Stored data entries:
========

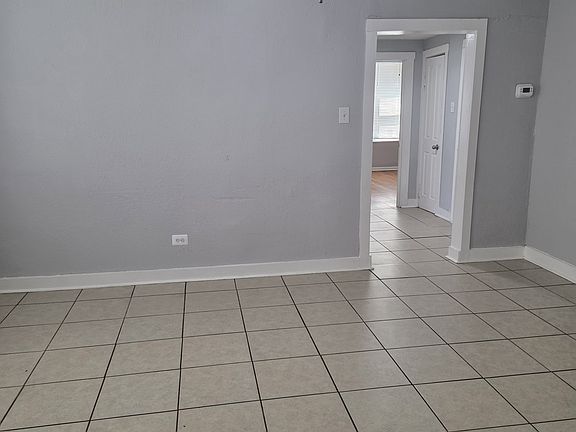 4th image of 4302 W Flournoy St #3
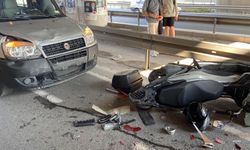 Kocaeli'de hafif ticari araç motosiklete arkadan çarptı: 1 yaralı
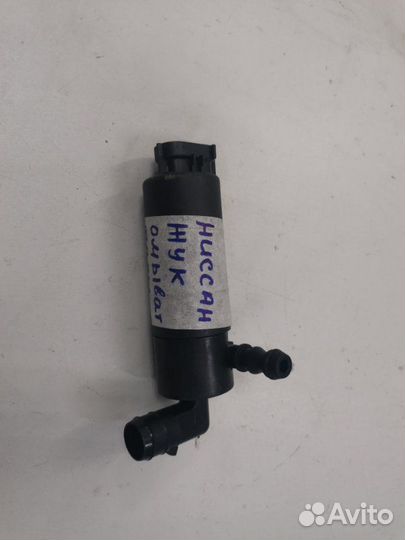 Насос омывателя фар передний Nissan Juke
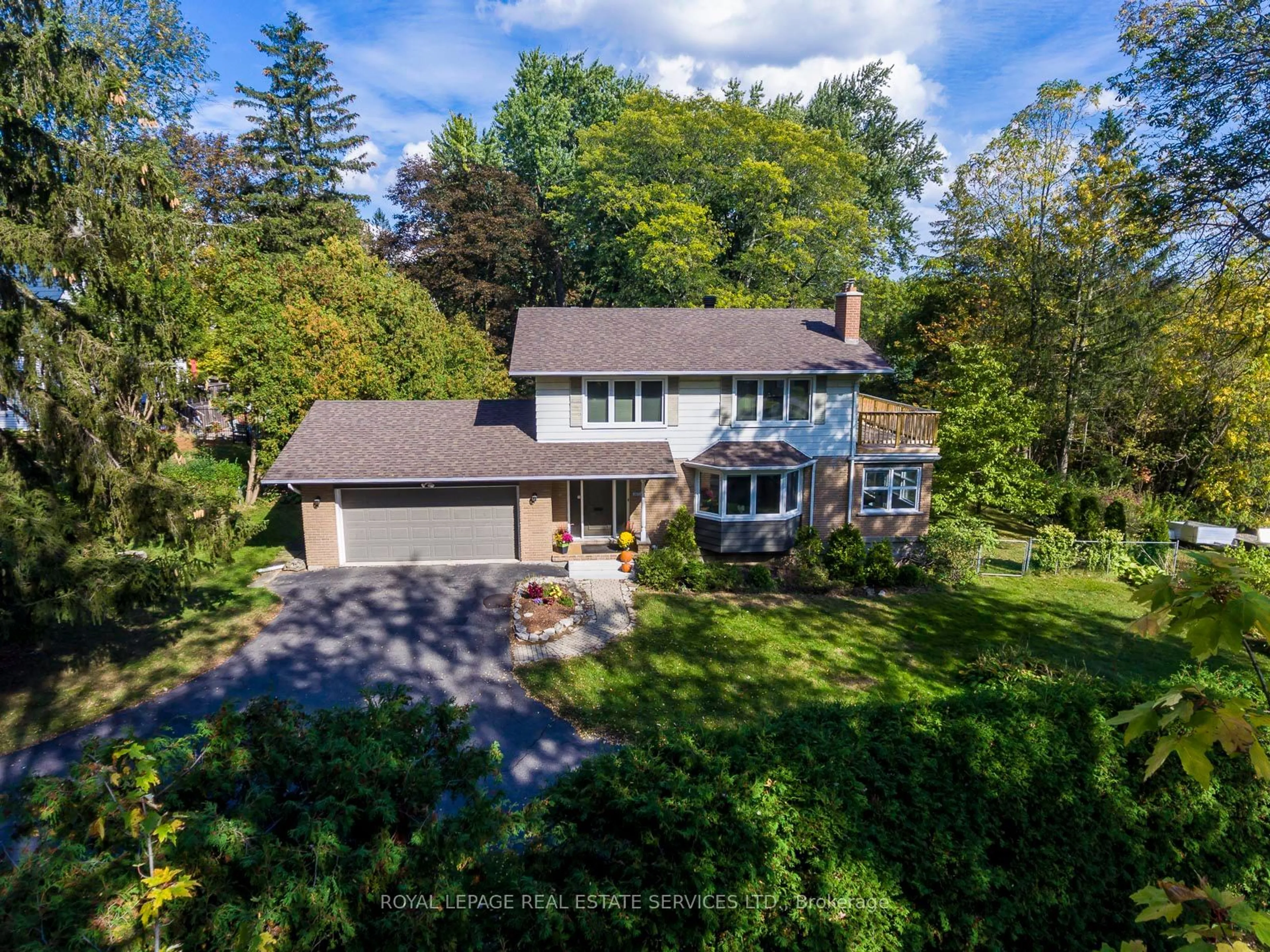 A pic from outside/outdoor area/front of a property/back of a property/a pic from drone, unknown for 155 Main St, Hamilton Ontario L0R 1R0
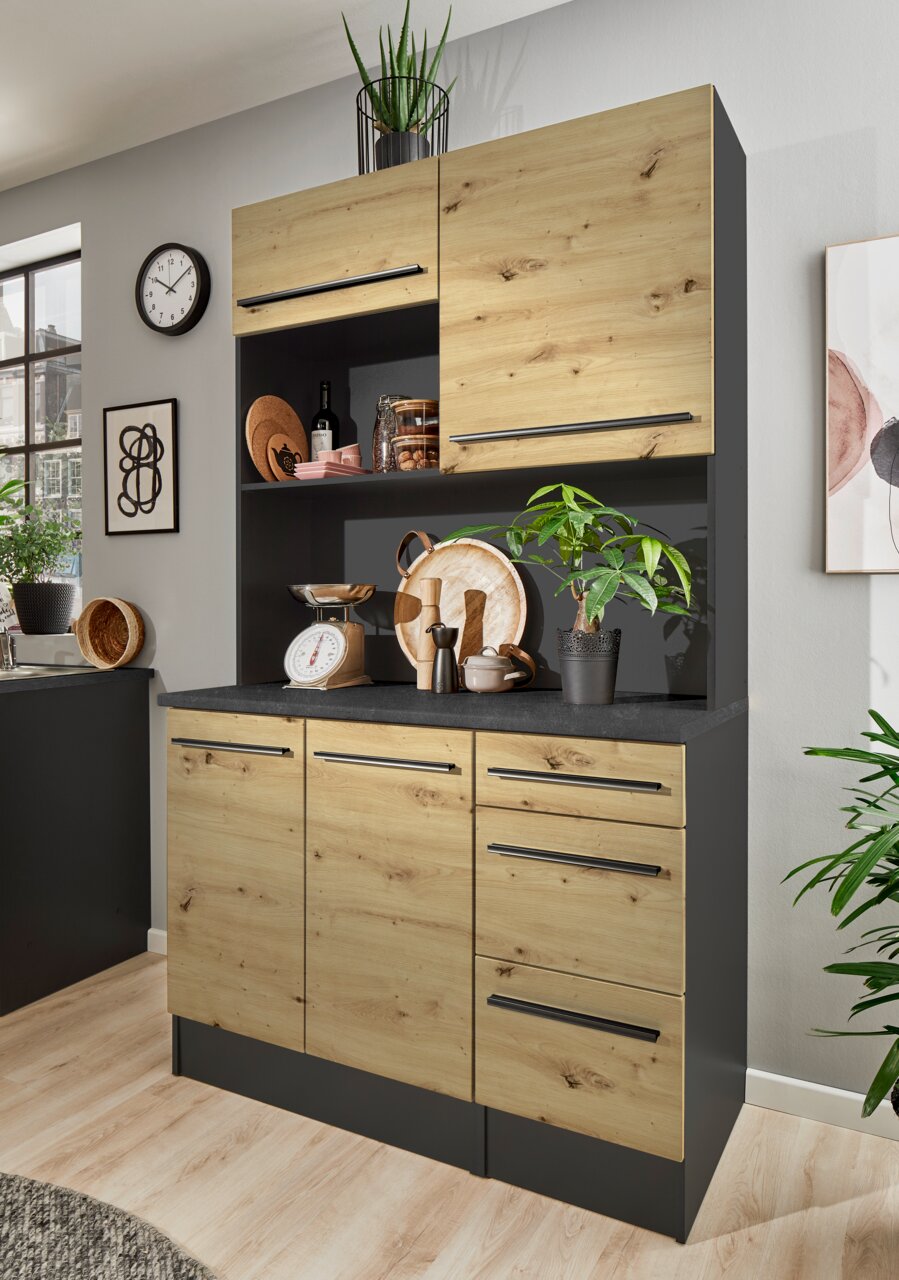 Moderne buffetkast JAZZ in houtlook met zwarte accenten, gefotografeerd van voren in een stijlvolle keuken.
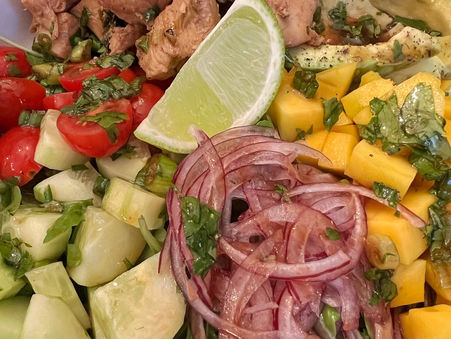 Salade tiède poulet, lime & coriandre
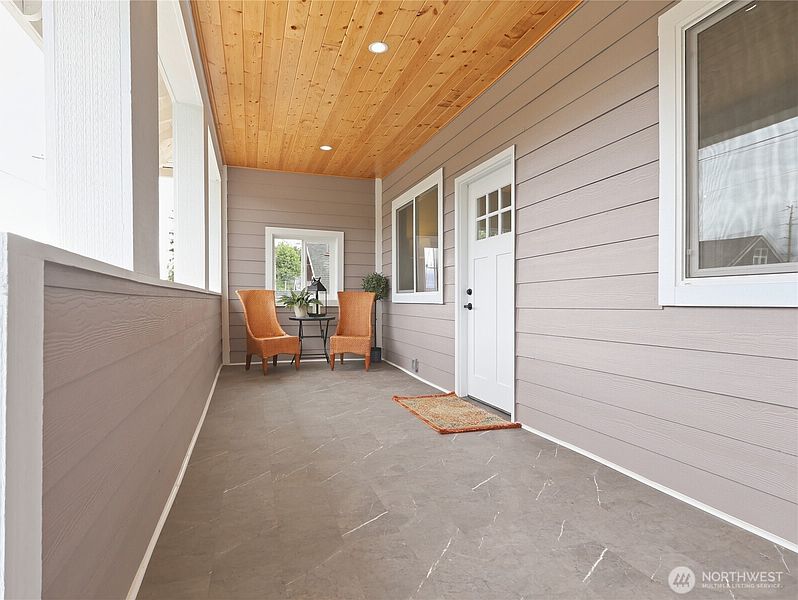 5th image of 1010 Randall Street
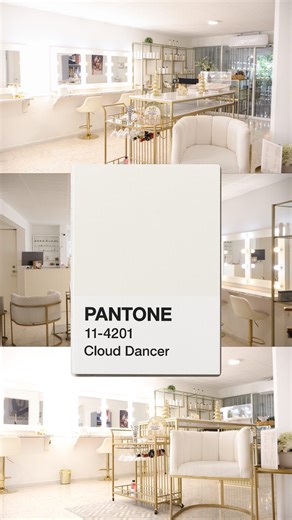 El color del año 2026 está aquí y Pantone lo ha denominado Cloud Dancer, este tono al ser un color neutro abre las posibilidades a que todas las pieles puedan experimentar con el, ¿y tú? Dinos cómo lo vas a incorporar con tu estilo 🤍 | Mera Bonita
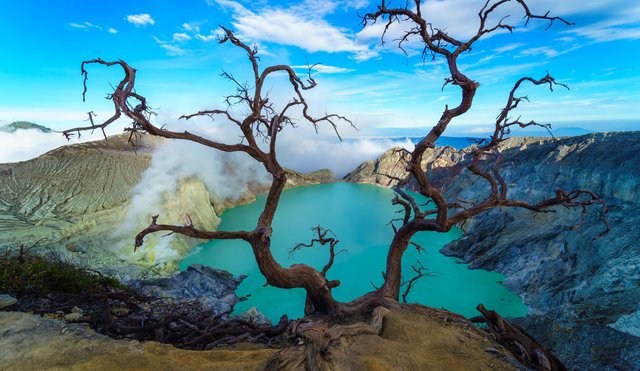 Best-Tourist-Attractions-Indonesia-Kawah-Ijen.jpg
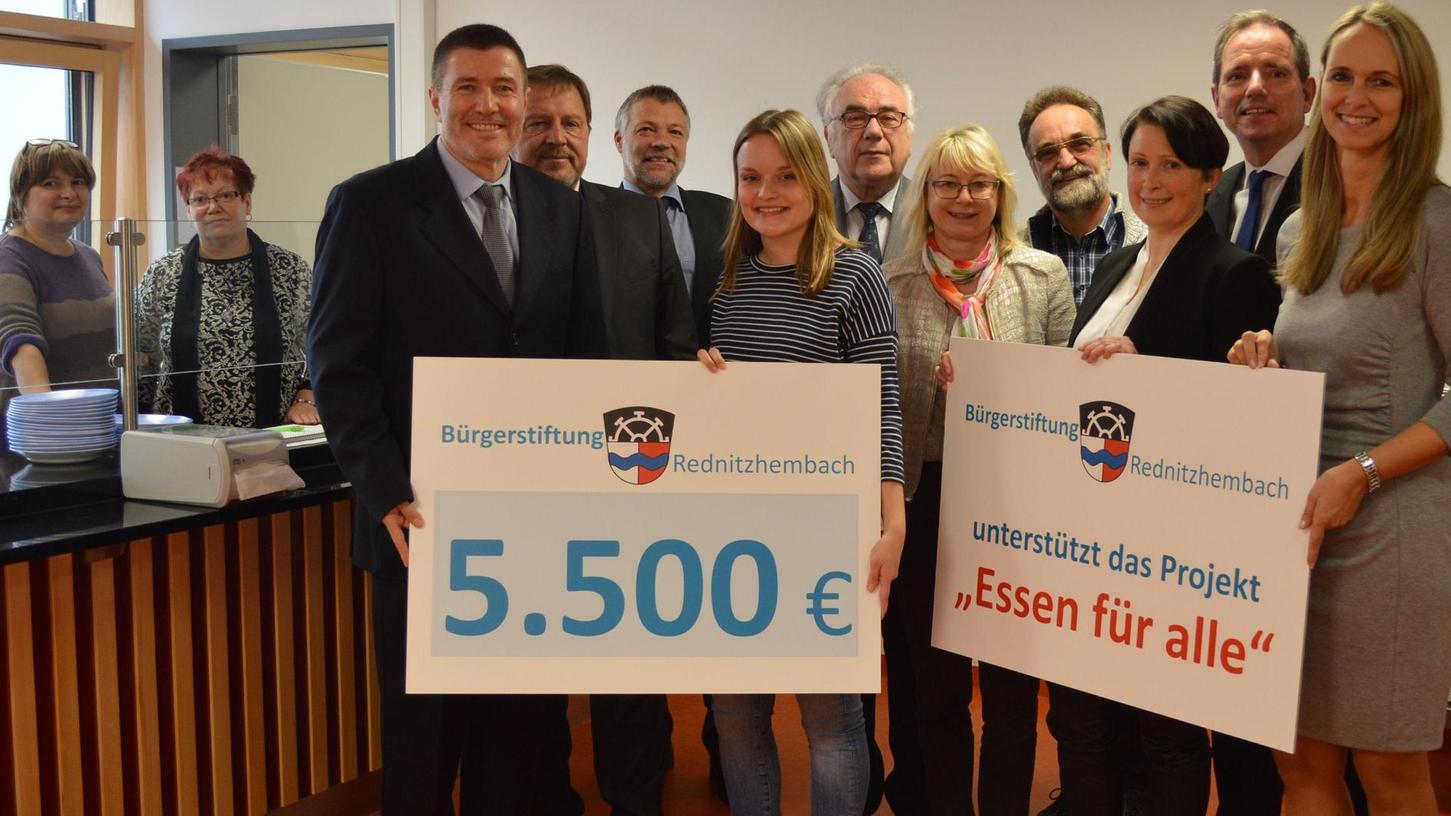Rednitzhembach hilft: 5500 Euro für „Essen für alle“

========

• _EXERCISE DESCRIPTION_
All lines from the one with "Насос омывателя фар передний Nissan Juke" through the end of the records above must be reproduced exactly, both ends included, and the pictures must be left out.

• _ANSWER TO THIS PROBLEM_
 Насос омывателя фар передний Nissan Juke
 A pic from outside/outdoor area/front of a property/back of a property/a pic from drone, unknown for 155 Main St, Hamilton Ontario L0R 1R0
 Moderne buffetkast JAZZ in houtlook met zwarte accenten, gefotografeerd van voren in een stijlvolle keuken.
 Salade tiède poulet, lime & coriandre
 5th image of 1010 Randall Street
 El color del año 2026 está aquí y Pantone lo ha denominado Cloud Dancer, este tono al ser un color neutro abre las posibilidades a que todas las pieles puedan experimentar con el, ¿y tú? Dinos cómo lo vas a incorporar con tu estilo 🤍 | Mera Bonita
 Best-Tourist-Attractions-Indonesia-Kawah-Ijen.jpg
Rednitzhembach hilft: 5500 Euro für „Essen für alle“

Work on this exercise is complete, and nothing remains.